Presbyterian Church in the United States of America information
Historical Presbyterian organization
For other entities with similar names, see American Presbyterian Church.
Presbyterian Church in the United States of America
Seal of the General Assembly of PCUSA
Classification
Protestant
Orientation
Mainline Reformed
Polity
Presbyterian polity
Associations
Plan of Union with the Congregational churches of New England (1801–1837)
United Foreign and Domestic Missionary Societies (with the Reformed Church in America and the Associate Reformed Church, 1817–1826)
American Home Missionary Society (1826)
Federal Council of Churches (1908)
Interchurch World Movement (1918–1920)
United Andean Indian Mission (1946)
Origin
1789 Philadelphia, Pennsylvania
Branched from
Church of Scotland and Synod of Ulster
Separations
Springfield Presbytery (1803)
Cumberland Presbyterian Church (1810, reunited in part 1906)
New School Presbyterians (1838; reunited 1869)
Presbyterian Church in the United States (1861)
Orthodox Presbyterian Church (1936)
Merged into
United Presbyterian Church in the United States of America (1958)
Congregations
8,351 in 1957
Members
2.8 million in 1957
Ministers
10,261 in 1957[1]
The Presbyterian Church in the United States of America (PCUSA) was a Presbyterian denomination existing from 1789 to 1958. In that year, the PCUSA merged with the United Presbyterian Church of North America. The new church was named the United Presbyterian Church in the United States of America. It was a predecessor to the contemporary Presbyterian Church (USA).
The denomination originated in colonial times when members of the Church of Scotland and Presbyterians from Ireland first immigrated to America. After the American Revolution, the PCUSA was organized in Philadelphia to provide national leadership for Presbyterians in the new nation. In 1861, Presbyterians in the Southern United States split from the denomination because of disputes over slavery, politics, and theology precipitated by the American Civil War. They established the Presbyterian Church in the United States, often called the "Southern Presbyterian Church". The PCUSA, in turn, was described as the Northern Presbyterian Church.

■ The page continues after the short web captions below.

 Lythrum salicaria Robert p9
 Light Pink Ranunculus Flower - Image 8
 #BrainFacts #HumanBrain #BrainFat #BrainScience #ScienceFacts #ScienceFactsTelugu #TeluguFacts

Despite the PCUSA's designation as a "Northern church", it was once again a national denomination in its later years.
Over time, traditional Calvinism played less of a role in shaping the church's doctrines and practices—it was influenced by Arminianism and revivalism early in the 19th century, liberal theology late in the 19th century, and neo-orthodoxy by the mid-20th century. The theological tensions within the denomination were played out in the Fundamentalist–Modernist Controversy of the 1920s and 1930s, a conflict that led to the development of Christian fundamentalism and has historical importance to modern American evangelicalism. Conservatives dissatisfied with liberal trends left to form the Orthodox Presbyterian Church in 1936.